Strona:PL A Dumas Pani de Monsoreau.djvu/624

Ta strona została przepisana.

Chicot ciężko westchnął, a książę Andegaweński śmielej spojrzał na Lotaryngskiego księcia.
— Cóż o tem myślicie, panowie?.. — zapytał król obecnych.
Chicot nic nie odpowiedział, wziął kapelusz i rękawiczki, następnie lwią skórę za ogon pociągnął w róg pokoju i legł na niej jak długi.
— Chicot, co robisz? — zapytał król.
— Najjaśniejszy panie — odpowiedział — noc najlepszą jest doradczynią. Najprzód się prześpię, a potem kięciu Gwizyuszowi odpowiem.

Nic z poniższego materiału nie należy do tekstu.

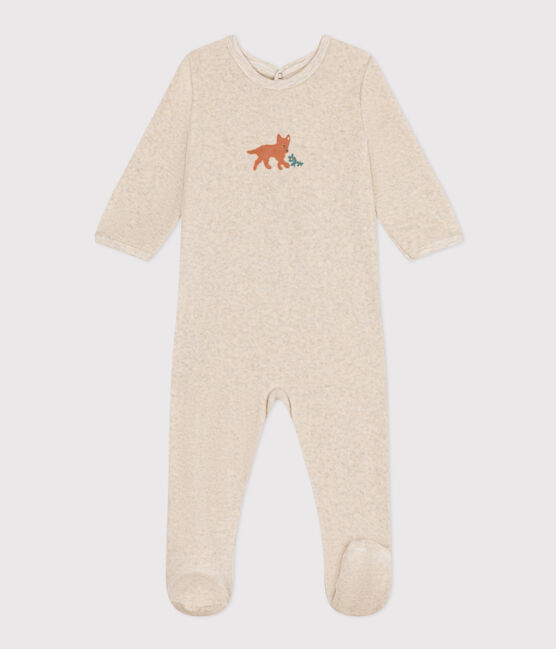 Pyjama en velours bébé  beige MONTELIMAR CHINE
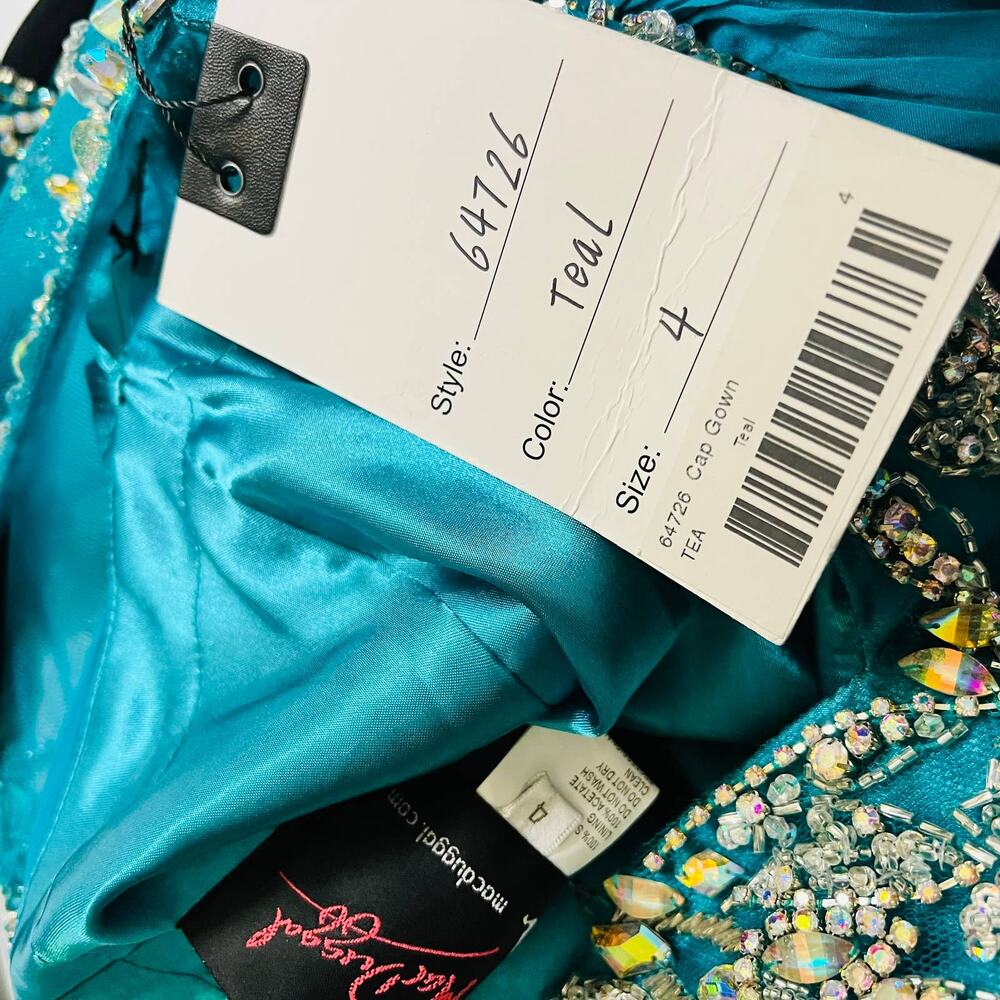 Mac Duggal Silk Teal Beaded Embellished Tulle Gown 64726 Size 4 NEW - Picture 4 of 13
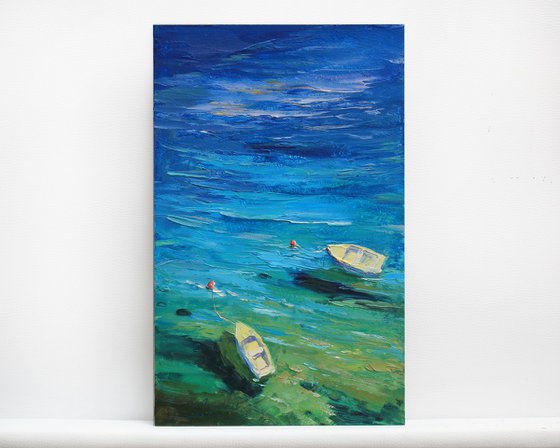 The depth sea with boats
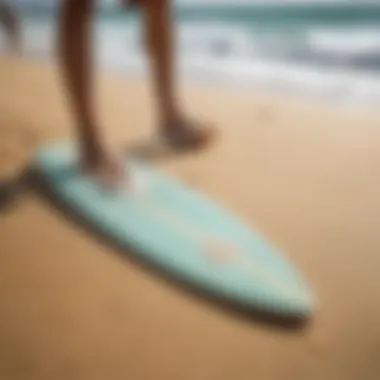 A variety of skimboards showcased on the sand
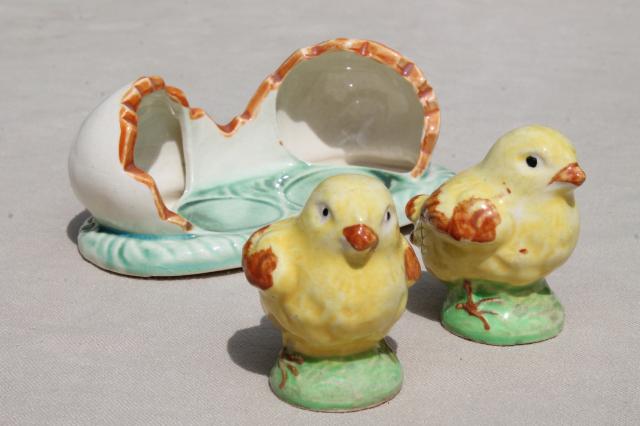 photo of 50s vintage ceramic salt & pepper shakers, S&P set twin baby chicks double yolk egg shell #4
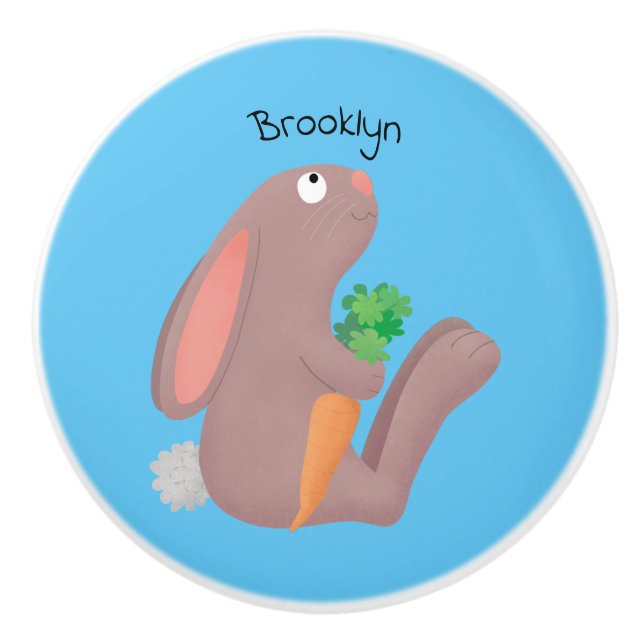 Cute bunny rabbit sitting with carrot cartoon ceramic knob (Front)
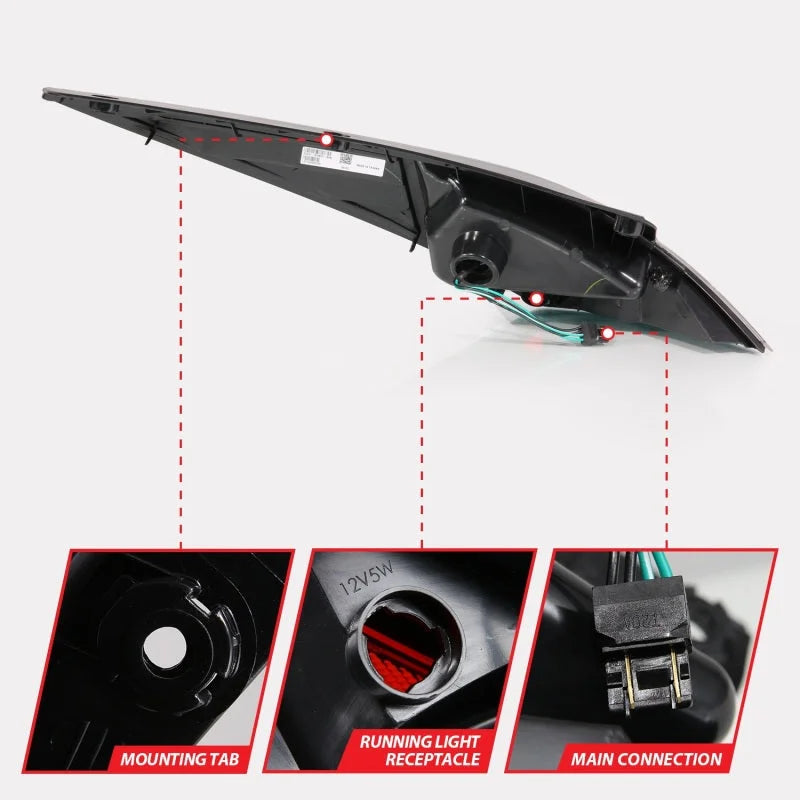 ANZO 2003-2005 Nissan 350Z LED Taillights Smoke - Installation View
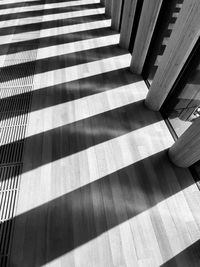 High angle view of staircase in building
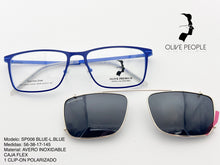 Cargar imagen en el visor de la galería, <div title='Genero UNISEX | Forma RECTANGULAR | Color AZUL | COMPLETO | 142mmANCHOTOTAL | 55mmANCHODELENTE | 37mmALTURADELENTE | 17mmPUENTE | 145MM LO' > SP006 BLUE-L.BLUE </div>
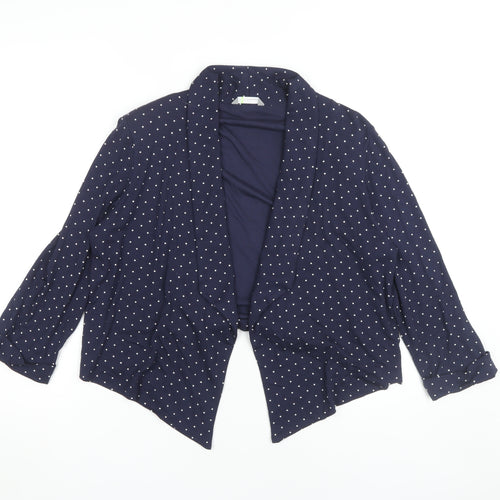Marks and Spencer Women's Blue Polka Dot Jacket Size 14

Książę rzucił groźne spojrzenie na gąskończyka, na które tenże odpowiedział chrapaniem.
— Co myślisz Najjaśniejszy panie? — zapytał książę.
— Myślę, że jak zwykle, masz słuszność mój kuzynie; zwołaj naczelników Ligi, stań na ich czele, a ja wybiorę człowieka potrzebnego dla wiary.
— A kiedy to będzie? — zapytał książę.
— Jutro.
Wymawiając ten wyraz, król się nieco uśmiechnął.
Książę Andegaweński myślił się oddalić, gdy król rzekł:
— Pozostań, mój bracie; chcę z tobą pomówić.